Chief Festus Okotie-Eboh (18 July 1912 – 15 January 1966) was a Nigerian politician and Minister of Finance during the administration of Sir Abubakar Tafawa Balewa. Okotie-Eboh was born to an Itsekiri Chief, Prince Okotie Eboh in Warri Division, a town along the Benin River in Niger Delta. Before his change of name, he was Chief Festus Samuel Edah. He was a National Treasurer of the Nigerian First Republic party, NCNC, he was also a leader of the Federal Parliamentary Party of NCNC, replacing K.O. Mbadiwe.

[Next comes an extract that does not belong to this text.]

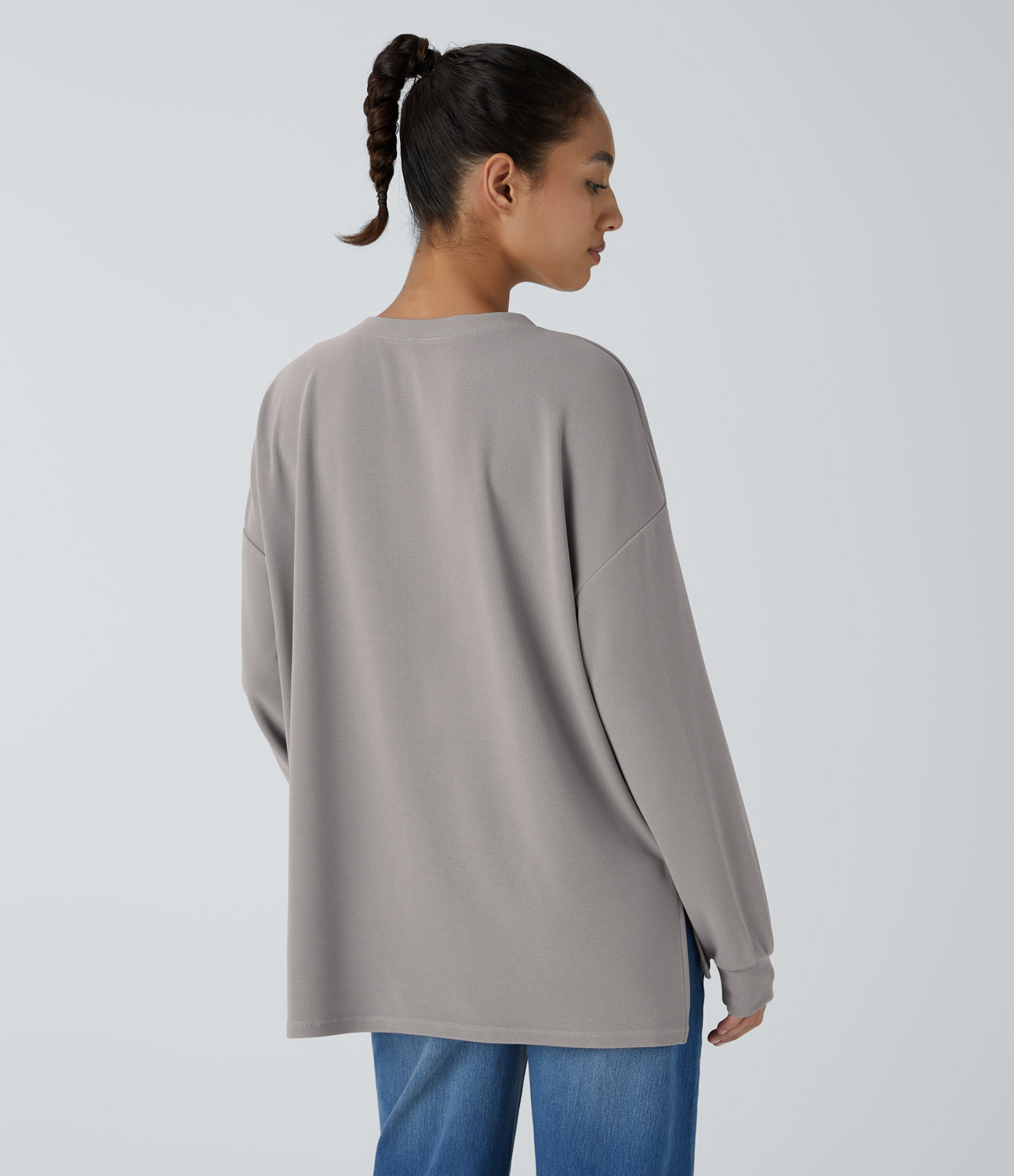 Halara V Neck Chest Pocket Long Sleeve Split Waffle Casual Top Tank Top - Satellite - XL golf tops halter top tunic tops sleeveless tops 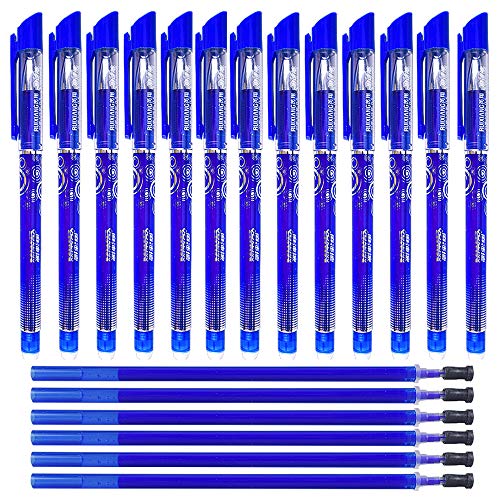 (42 Pezzi) Kit 12 Penne Cancellabili Blu + 30pz Ricariche per Penne Punta Stabile 0.5 mm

Early life and business career
Okotie Eboh was born Festus Samuel Edah in Benin River, old Warri division. From 1932 to 1936, he attended Sapele Baptist School. Upon graduation, he clerked briefly in the Local District Office before returning to his alma mater as a teacher. In 1937, he gained employment at Bata Shoe Company as an accounting clerk. While working as a clerk, he was also studying bookkeeping and accounting. In 1944, Bata transferred him to Lagos as a Chief Clerk and West Coast Accountant. He was in Lagos for a year before returning to Sapele to become Deputy Manager of the Sapele branch. In 1947, he was sent to Prague, Czechoslovakia for further training where he obtained a diploma in business administration and chiropody. He left Bata Shoe to establish a timber and rubber business. He was involved in a rubber exporting business trading under the company name of Afro-Nigerian Export and Import Company. The firm exported ribbed smoked sheet rubber to Europe and North America. In 1958, he opened a rubber-creping factory and later in 1963, he started Omimi Rubber and Canvas Shoe factory. He also started a few ventures with two foreign partners: Dizengoff and Coutinho Caro, the partners promoted Mid-West Cement Co, a cement clinker plant in Koko and Unameji Cabinet Works.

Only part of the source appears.